+++ Task material +++

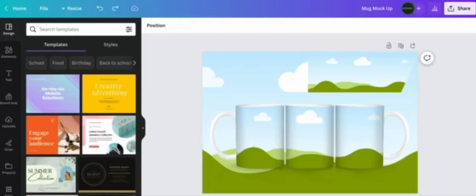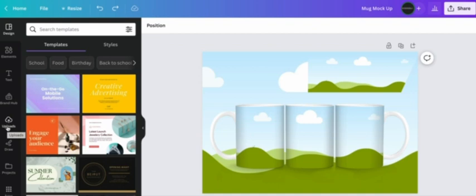Once you open your Canva link you should see this image here. Now if you do have a background saved you can scroll over to uploads and add your background from your uploads.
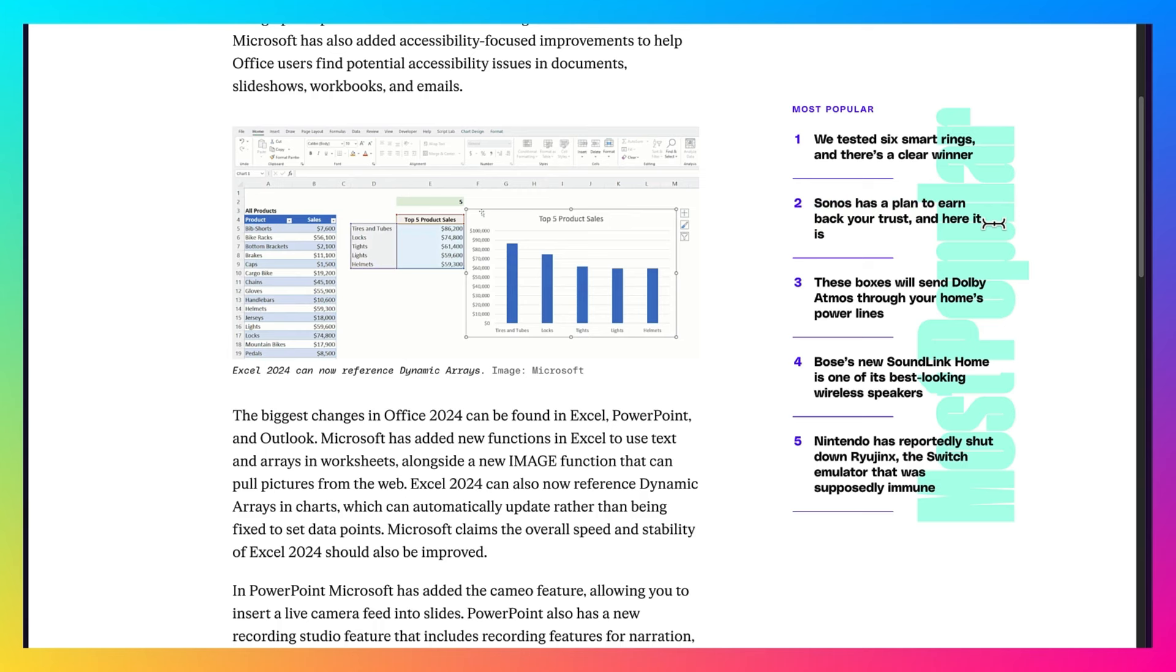Office 2024 has a new default theme. Microsoft has also added accessibility-focused improvements. But the biggest changes in Office 2024 can be found in Excel, PowerPoint, and Outlook. Microsoft claims that the overall speed and stability of Excel 2024 should also be improved.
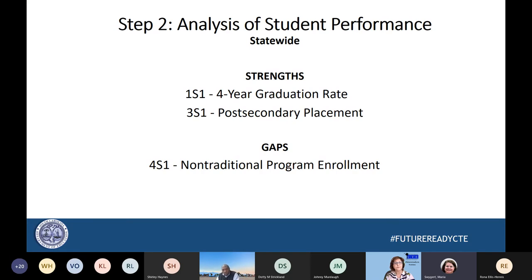Looking across the state on the secondary level, two areas of significant strength were 1S1 — our four-year graduation rate — where CTE students really knock it out of the park. We are a good 15% higher than the standard graduation rate with our CTE programs. The other great strength was post-secondary placement, because CTE gets those jobs. We place students in the military, in post-secondary education, and in jobs. CTE really is the pipeline for success for those students.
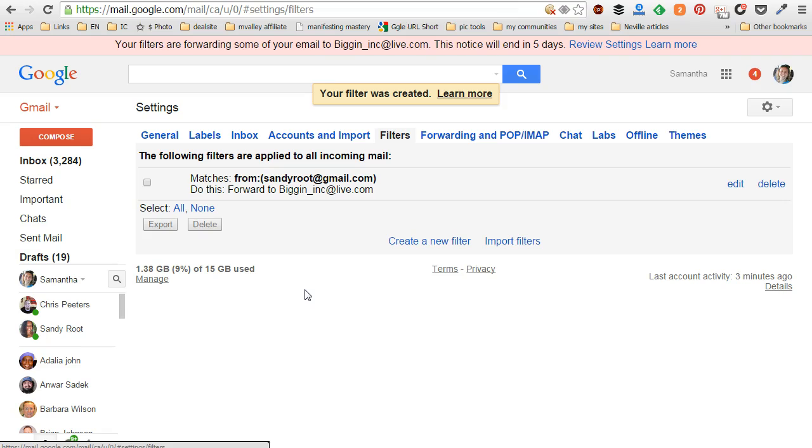So that's how you Gmail auto forward from a specific sender. If you have any questions go ahead and post them in the comments below this video. If you found this video helpful click on like, be sure and subscribe to my channel so you can get updated each time I upload a new video, and of course share it with anybody who you think would find it helpful. So with that, have a great day and I'll see you in the next video. Bye for now.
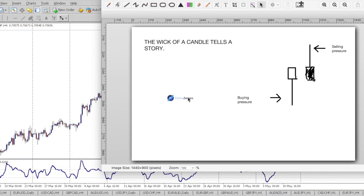Hi traders, this is Forex James and in this video we'll be talking about the wick of a candlestick chart. As you already know, I'm a discretionary price action trader, so basically what I do is I look at prices, read them, and try to interpret the meaning — why price moves in such a way in a certain area. I try to gauge the market and see which side is winning: the bulls or the bears. As retail traders we don't move the markets, so the best thing we can do is follow the footprints of the big boys.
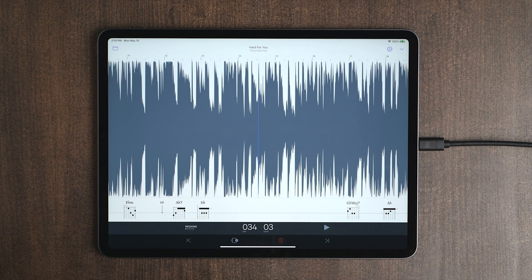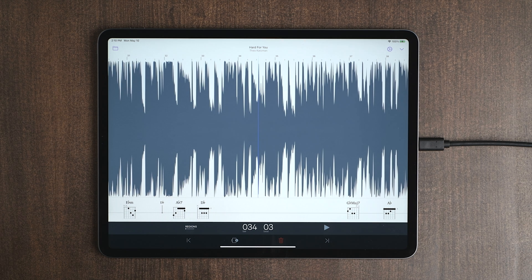You can do the same thing on the Mac by grabbing the playhead at the top of the screen and dragging it around. The scrubbing feature is really handy for identifying individual notes in a solo that are played really quickly.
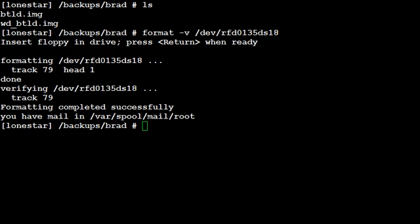All right, once the format is complete, we're going to write the image to the disk. We're going to do that using the command dd. dd space if, which stands for input file, equals our image, which is right here.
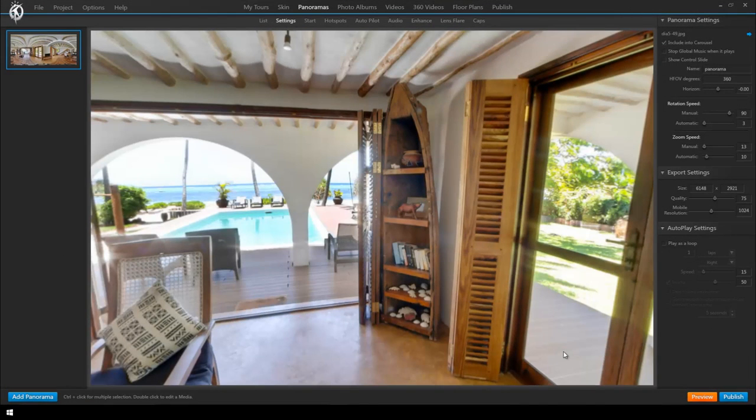Hi everyone! In this tutorial we will learn how to introduce embedded content in our virtual tour using 3DVista Virtual Tour Pro software.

+++

◆ Exercise
Starting at the line that contains "Hi traders, this", write out every line through the final line of the entries, word for word; skip any pictures.

◆ Reply to the exercise
Hi traders, this is Forex James and in this video we'll be talking about the wick of a candlestick chart. As you already know, I'm a discretionary price action trader, so basically what I do is I look at prices, read them, and try to interpret the meaning — why price moves in such a way in a certain area. I try to gauge the market and see which side is winning: the bulls or the bears. As retail traders we don't move the markets, so the best thing we can do is follow the footprints of the big boys.
You can do the same thing on the Mac by grabbing the playhead at the top of the screen and dragging it around. The scrubbing feature is really handy for identifying individual notes in a solo that are played really quickly.
All right, once the format is complete, we're going to write the image to the disk. We're going to do that using the command dd. dd space if, which stands for input file, equals our image, which is right here.
Hi everyone! In this tutorial we will learn how to introduce embedded content in our virtual tour using 3DVista Virtual Tour Pro software.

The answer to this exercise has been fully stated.